Before going straight to assembly, we're creating an abstract syntax tree from the language rules. But we're having trouble representing one specific function from the language.
The function is described as follows:
FILTERC: It takes a condition and an expression list as input and it returns how many of those expressions match the condition. It can be a single or compund condition.
It is used in this form: FILTERC (condition, [expression list])
The condition has to have an underscore before each element, representing where the expressions should be placed for comparison. Example: FILTERC ( _>4 and _<=6.5 , [a+c,b,c-a,d])

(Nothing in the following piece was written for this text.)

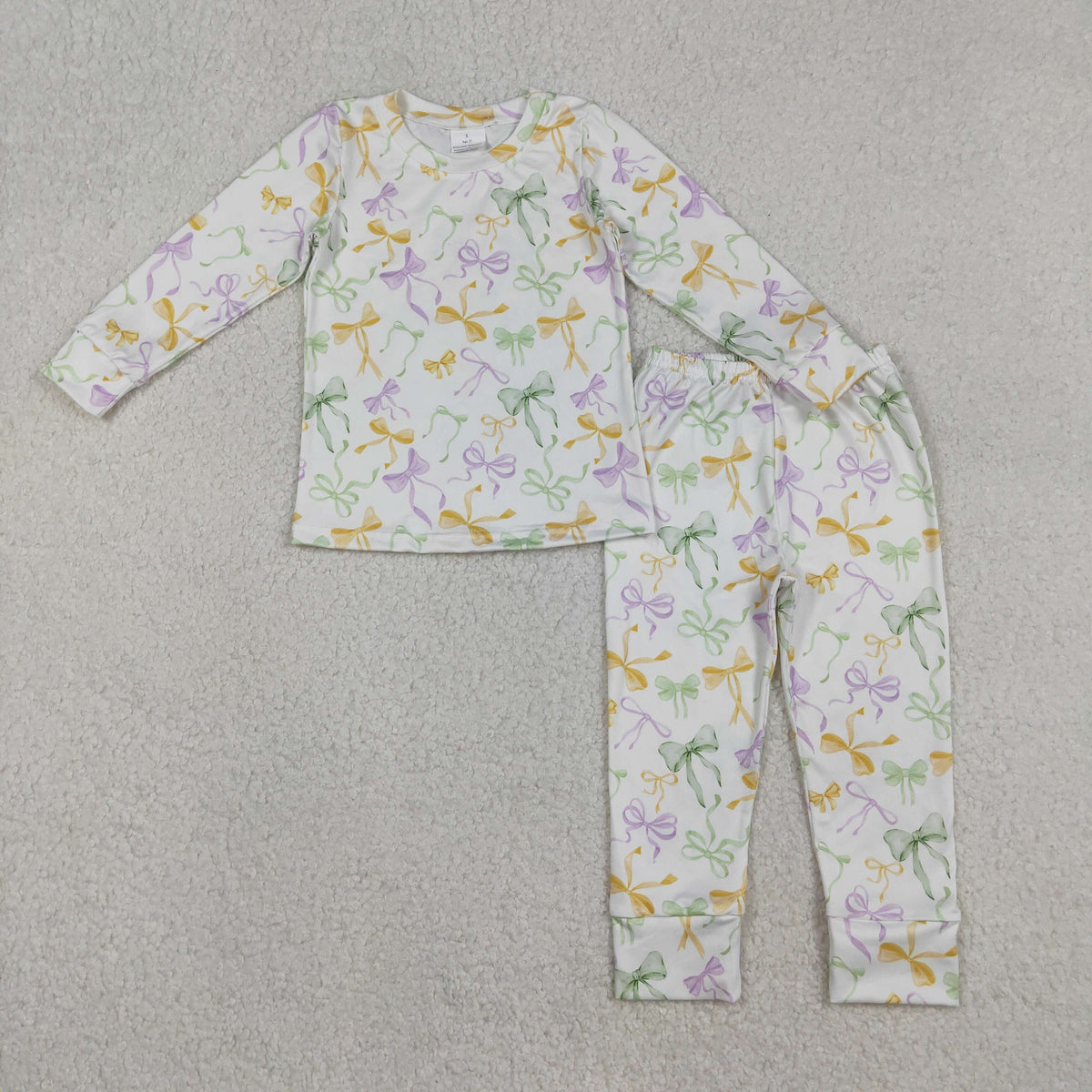 GLP2921 Baby Girls Mardigras Bows Plaid Top Pants Pajamas Sets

This is how the "filterc" function is expressed in BNF rules (we actually used tokens with Flex, but I simplified it with the actual characters since that's not the point and the syntax analysis is correctly done by Bison):
filter ::= FILTERC ( condition_filter , [ expression_list ] )
;
condition_filter ::= comparison_filter | comparison_filter AND comparison_filter | comparison_filter OR comparison_filter
;
comparison_filter ::= _ > expression | _ < expression | _ == expression | _ >= expression | _ <= expression | _ != expression
;
expression_list ::= expression | expression , expression_list
;
expression: term | expression + term | expression - term
;
term: factor | term * factor | term / factor
;
factor: ID | INT_LITERAL | REAL_LITERAL | STRING_LITERAL | ( expression ) | filter
;
We now have to write functions that create the nodes of the abstract syntax tree. At low level, the "filterc" function is nothing but a bunch of "IF" to verify that each one of the expressions matches the condition, only that now the expressions will be placed where the underscore is. So it would be something like: (expression) (comparison operator) (condition)
The thing is, the actual FILTERC sentence is read "backwards": the expressions are read first and then compared to the condition. But the program is read sequentially: the underscore is read before the actual expression is found. So we're really confused as to how to build the tree.

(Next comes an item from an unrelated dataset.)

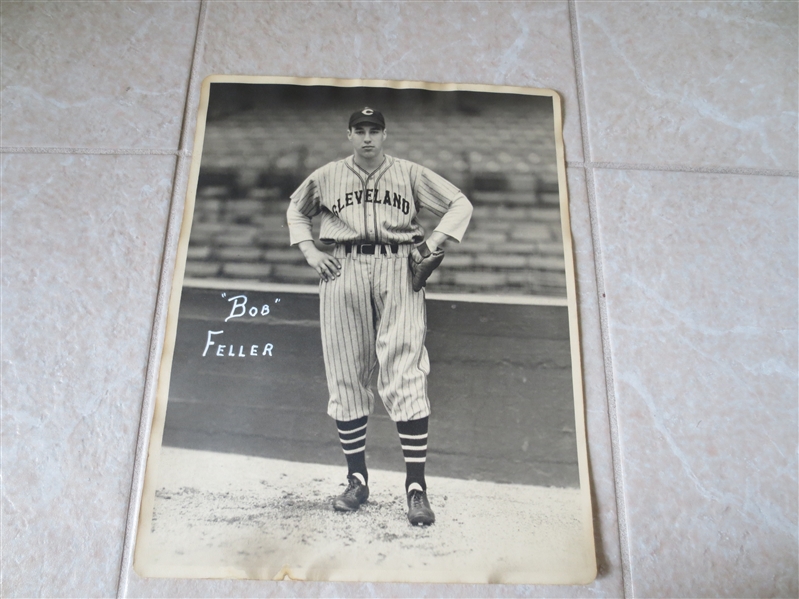 1930's-40's Bob Feller George Burke Chicago Original 14 x 11 Photo  Nice condition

I'm not going to add all the code we use to create the nodes and leaves of the tree or this would be a total mess. But basically, there is a function that creates nodes with 2 children (left and right) and when there shouldn't be any children, those pointers are set to null. The basic structure we use is to place the operator in the root node and the operands as the children (e.g.: in an "if" sentence, the "if" keyword should be the root, the condition would be the left child and the code block to execute if true would be the right child). Like this:
IF condition THEN block {thenPtr = blockPtr;} ENDIF {createNode("if", conditionPtr, thenPtr);}
("condition" and "block" are defined elsewhere, where their pointers are created).

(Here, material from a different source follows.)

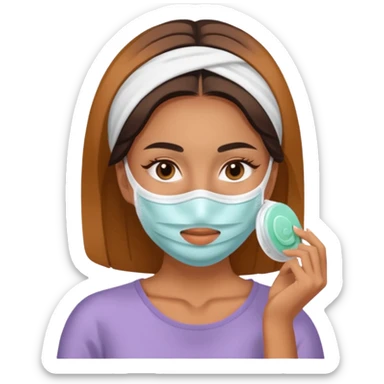 Perempuan lagi selfcare (tapi yang lebih ketutup) fokus di muka sticker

We were able to successfully create the tree for the expression regex and for all the other rules in the language, but this "filter" function is really confusing.
It is true that when the parser reads a piece of an expression (e.g., the ">"), it hasn't got enough to build the tree for the expression. That same is true for any concept ("nonterminal") in your language. And from that perspective I see you you can be confused.
Apparantly you don't understand how LR parsers like Bison work. Assume we have rules R1, R2, ... with rules have right hand sides, e.g., Rn = T1 T2 T3 ; with each rule having a right hand side length of L(Rn).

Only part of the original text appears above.